はじまりの物語はパンジーとビオラ
花に興味はなかった。けれどある日、語りかける花に気づいたの。
心のどこかがこわれていた。毎地に悲しくて目が覚めた。その朝もそうだった。
胸の奥で悲しい気持ちがちりりと鳴った。
「何か思い出したいのに、それが何か思い出せないわ。」
そう思いながらナナは歩いている。
「曲がり角はどこも同じだニャ。」
元気のないナナを気にしながらミントは歩いている。
「でも今日はちょっと違う、なんでかっていうと昨日よりウキウキしているから。」
角を曲がると花屋があった。
「花の仕事しませんか パートさん募集中 cat's garden 」
春のような日ざしの中で、色とりどりのパンジーが風にぷるぷるとふるえていた。
「なんて透き通るような青い青なのかしら。」
胸の奥にある泣きたい気持ちにそっと触れてくるような青だった。
いつも見ていた花がなんでこんなに懐かしいのだろう。
胸の奥であの泣きたい気持ちがちりりとなった。
何度も何度も撫でられる手の感じ、
その顔がぼんやりと思い出せそうになってまた消えた。
誰かを捜して、いつもいつも泣いていた。
何度も撫でてくれた手の持ち主がどこを探してもいないのだ。
きっともうきっと、あえないのだと
なんとなくわかってきた。
昨日と今日は少し違ってつながっている・・・とミントは思った。
「なんでかっていうと、昨日は咲いてなかった花が今日は咲いていて、
明日は別の花が咲いているから。

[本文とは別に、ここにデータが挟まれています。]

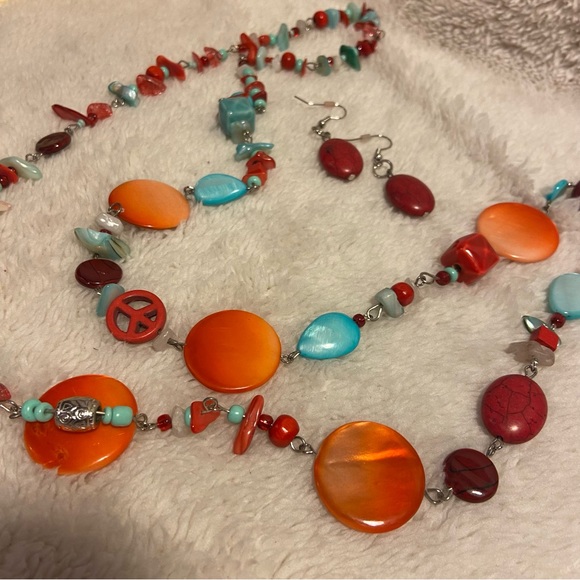 Large beaded necklace with matching earrings - Picture 2 of 5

」
ミントは唄うように昨日とちょっと違う街角を歩いていた。
「忘れ物をしてきたみたい。」
「・・・忘れてていいのかも。」
「何かがこわれたあとみたい。」
「・・・あたらしいのがみつかるよ。」
「ナナちゃんは、忘れたいことと、忘れたくないこと、どっちをよく思い出すの?」
寄せ植えのパンジーがこっちを見ている。
「私を想ってください。」泣きそうなくらい青い花が少しうつむいて
「私を想ってください。」・・・いつかどこかで聞いたことのある言葉
花はいつもそこにいた。あったけれど見たことはなかった。
語りかける花の向こうから、ふるえるような風を連れて、
ゆるやかな日ざしの中でやさしく、懐かしく、愛しく、
ほほえむように触れてくるもの。ナナは目をほそめて、すう、と深い息をした。
「もしかしたら、ここにいるの?」
あのやさしく撫でるようなあたたかさをナナは感じていた。
「面接、受けてみようかしら。花のこともっと知りたくなったの。」
ナナとミントは昨日とちょっとちがう道を歩いている。